ふと思い返してみると、精霊たちが俺に話しかける時奥様が近くにいないときだった。


俺は動揺し、そして奥様の問いに正直に答えてもいいのか迷っていると、奥様はなにかを察したのか「ふぅ」と息をついた。




「…まぁいいわ。


精霊が貴方に私の事を教えたということは、貴方が信用に置ける人だということだもの。


そもそも私は貴方を疑っていないしね」




“俺を疑っていない”


それはつまり、俺を信用しているという事だと思ってもいいのか。




__貴方の質問に対し、すぐに答えられなかった俺を。




胸がドキドキと高鳴った。


奥様が俺を信用していると、そう思っただけで嬉しくなる。


だけど質問にすぐに答えられなかった自分にもやもやとした気持ちが、罪悪感…なのだろうかそんな負の感情が絡みついた。

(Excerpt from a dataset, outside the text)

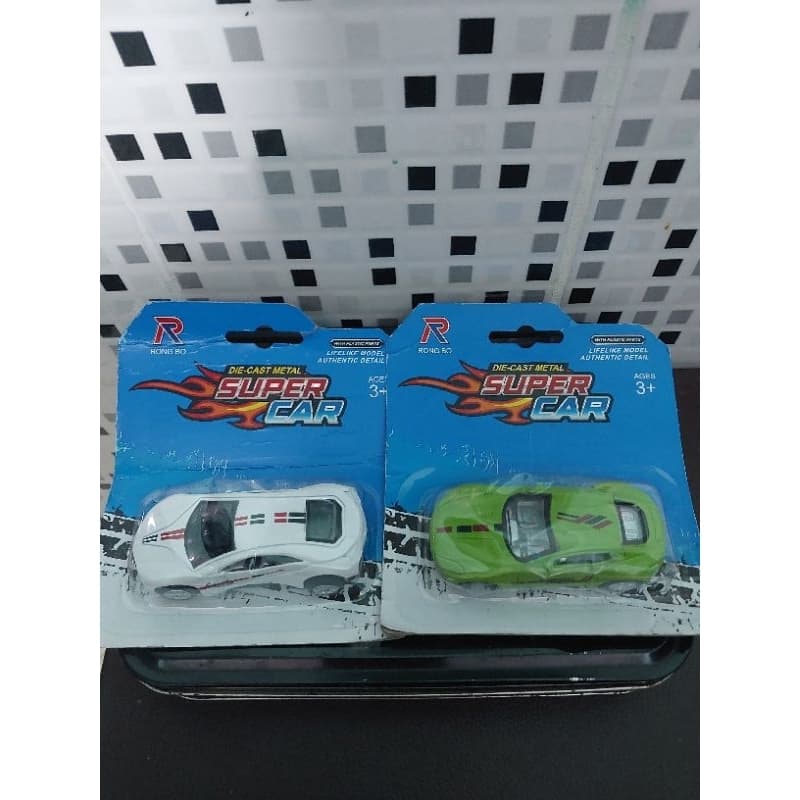 duas miniatura diecast super cars escala 1/64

いつの間にか止めてしまっていた足に気付き、俺は奥様に駆け寄ろうとしたところで奥様が振り返る。




「私、人を見る目はあるつもりよ」




「っ…」




なんだかモヤついた負の感情が振り払われたような気がした。




奥様にそう言われてしまったのなら、話すしかないだろう。


奥様が尋ねた精霊の声が聞こえるのかという問いの他にも、もしかしたら奥様は俺の事なんて興味がないかもしれないが、俺の生い立ちも全てあますことなく奥様に話したくなった。


そう思ったら自然と口が開く。




「…あとで、私の話を聞いてくださいますか?」












そして、彼女と想いが通じ合い、復讐が遂げられる未来は、もう少し先のこと。










(おまけその二終)
















本編ではケインの名前が出てきてもほとんどがシエル視点で進めていた為、あまりケインの心情を書いていなく物足りないなと感じました。


なのでケイン視点で物語の途中までになりますが書いてみました!




後からこうしようああしようという設定をふんだんに取り入れてしまい「ん?」と思うような部分もあるかと思いますが、それでも楽しんでもらえたら嬉しいです。